La relation est donc
ambivalente entre des usagers très exigeants envers leurs
institutions parce que celles-ci leur distribue de la reconnaissance
sociale ou bien les en privent. Les institutions ont donc une
fonction intégratrice et socialisatrice qui s'avère très
importante.
- Les pratiques administratives domestiques, un partage des tâches genré
Au sein de la famille, il
y a un partage domestique de ce qu'on appelle faire la paperasse. Les
tâches administratives supposent des compétences (lecture,
écriture, classification, relationnelle, sociabilité, …). Mai
surtout cela demande de maîtriser les catégories administratives et
de comprendre le fonctionnement des institutions. Dans les analyses
classiques de Robert Hoggarts et Olivier Schwartz, on découvre que
les tâches administratives sont plutôt prises en charge par les
femmes dans les classes populaires. Siblot nuance cette idée entre
les tâches qu'on fait et celles qu'on valorise. Elle distingue trois
cas de figures :
- Les femmes font tout le travail administratif en général quand il y a un décalage scolaire entre femme et mari. Mais elle le mette pas en avant en général.
- Les hommes font tout le travail administratif, là encore, il y a un fort décalage scolaire au bénéfice de l'époux. Mais dans ce cas, ils le valorisent comme un savoir-faire.

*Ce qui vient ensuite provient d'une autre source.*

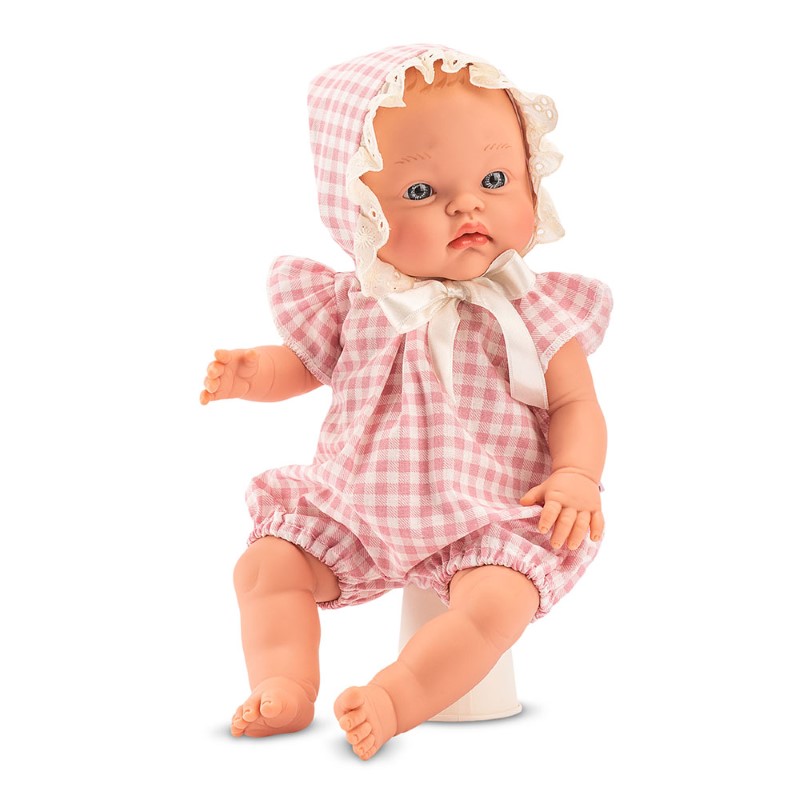 asi-dolls-kukla-bebe-aleks-s-rozov-toalet-36-sm-patrisiya-0522500 Asi Dolls кукла-бебе Алекс 36 см с розово-бял кариран гащеризон и подходяща шапка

- Le partage des tâches administratives au sein du foyer est la norme la plus courante. Ainsi les hommes remplissent les déclarations d'impôt, tâche annuelle mais très importante et donc avec un prestige symbolique. Par contre les démarches couteuses en temps et quotidiennes sont plutôt le fait de femmes qui se déplacent plus facilement sauf en cas de situations conflictuelles.
Un autre point
intéressant est le rôle des filles ainées en particulier dans les
familles immigrées mais pas seulement. Siblot voit un cas de figure
se répéter, le père gère les affaires administratives seul puis
il se décharge sur la fille ainée si elle est assez grande. La
fille ainée devenant la « secrétaire de la famille ».
Mais ces tâches sont aussi des ressources pour les filles ainées.

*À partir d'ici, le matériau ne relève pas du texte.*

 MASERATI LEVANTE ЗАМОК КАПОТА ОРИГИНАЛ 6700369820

En premier lieu se sont des ressources symboliques dans la
reconnaissance sociale, certaines à force de côtoyer les
institutios forgent des liens. En second temps, les femmes
identifiées comme telles se voient demandées des conseils, des
coups de main par rapport à ces compétence administratives. De
plus, pour certaines contrôlées par leur époux, c'est l'occasion
de sortir légitimement. Enfin, quand cela va de paire avec la
croissance des compétences scolaires comme compétence valorisée.
Siblot tempère tout de
même cela car ce genre de compétences ne sont pas très reconnues
professionnellement dans la société.